### WHAT IS NEEDED
Below are records. Copy every line with "online" in it.

..............................

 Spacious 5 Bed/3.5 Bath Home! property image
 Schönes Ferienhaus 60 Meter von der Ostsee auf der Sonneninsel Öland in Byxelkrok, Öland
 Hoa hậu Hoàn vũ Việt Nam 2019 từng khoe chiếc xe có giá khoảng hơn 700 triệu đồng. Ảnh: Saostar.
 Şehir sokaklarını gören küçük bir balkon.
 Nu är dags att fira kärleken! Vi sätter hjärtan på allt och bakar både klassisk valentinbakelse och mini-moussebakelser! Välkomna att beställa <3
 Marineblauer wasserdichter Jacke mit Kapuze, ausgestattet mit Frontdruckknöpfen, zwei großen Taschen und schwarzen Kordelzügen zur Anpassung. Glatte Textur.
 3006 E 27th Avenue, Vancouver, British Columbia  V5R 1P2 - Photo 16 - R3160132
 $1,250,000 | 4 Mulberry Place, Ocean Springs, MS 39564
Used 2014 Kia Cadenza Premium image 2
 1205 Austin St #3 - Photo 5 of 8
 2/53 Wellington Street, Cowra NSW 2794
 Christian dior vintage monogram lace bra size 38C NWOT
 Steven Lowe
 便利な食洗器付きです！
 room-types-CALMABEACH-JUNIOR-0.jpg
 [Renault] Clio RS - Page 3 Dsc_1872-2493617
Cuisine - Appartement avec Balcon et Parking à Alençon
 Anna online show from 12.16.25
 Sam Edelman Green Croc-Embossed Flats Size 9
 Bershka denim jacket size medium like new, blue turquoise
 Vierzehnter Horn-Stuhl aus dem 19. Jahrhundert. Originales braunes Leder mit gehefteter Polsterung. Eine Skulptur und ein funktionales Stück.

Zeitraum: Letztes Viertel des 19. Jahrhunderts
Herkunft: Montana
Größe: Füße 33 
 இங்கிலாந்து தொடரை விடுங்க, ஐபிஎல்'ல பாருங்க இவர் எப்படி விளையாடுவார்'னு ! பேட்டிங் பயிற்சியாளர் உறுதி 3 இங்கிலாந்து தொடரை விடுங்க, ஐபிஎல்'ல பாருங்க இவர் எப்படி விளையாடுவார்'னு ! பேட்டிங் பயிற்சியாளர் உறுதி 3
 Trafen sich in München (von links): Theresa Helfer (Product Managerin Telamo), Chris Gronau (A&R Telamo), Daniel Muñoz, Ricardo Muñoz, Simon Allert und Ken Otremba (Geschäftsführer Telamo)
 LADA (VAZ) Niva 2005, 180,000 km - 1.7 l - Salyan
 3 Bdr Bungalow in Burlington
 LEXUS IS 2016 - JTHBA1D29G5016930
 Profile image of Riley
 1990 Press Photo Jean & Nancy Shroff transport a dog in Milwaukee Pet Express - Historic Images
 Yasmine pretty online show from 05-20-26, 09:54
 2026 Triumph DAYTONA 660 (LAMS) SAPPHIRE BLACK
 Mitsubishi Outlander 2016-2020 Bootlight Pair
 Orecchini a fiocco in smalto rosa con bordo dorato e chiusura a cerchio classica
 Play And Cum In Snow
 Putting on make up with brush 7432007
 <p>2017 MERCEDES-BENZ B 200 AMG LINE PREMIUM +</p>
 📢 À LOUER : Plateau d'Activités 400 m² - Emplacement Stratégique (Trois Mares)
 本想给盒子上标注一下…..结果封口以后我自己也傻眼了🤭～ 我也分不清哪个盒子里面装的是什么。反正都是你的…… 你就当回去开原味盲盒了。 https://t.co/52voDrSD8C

..............................

### YOUR SOLUTION
 Anna online show from 12.16.25
 Yasmine pretty online show from 05-20-26, 09:54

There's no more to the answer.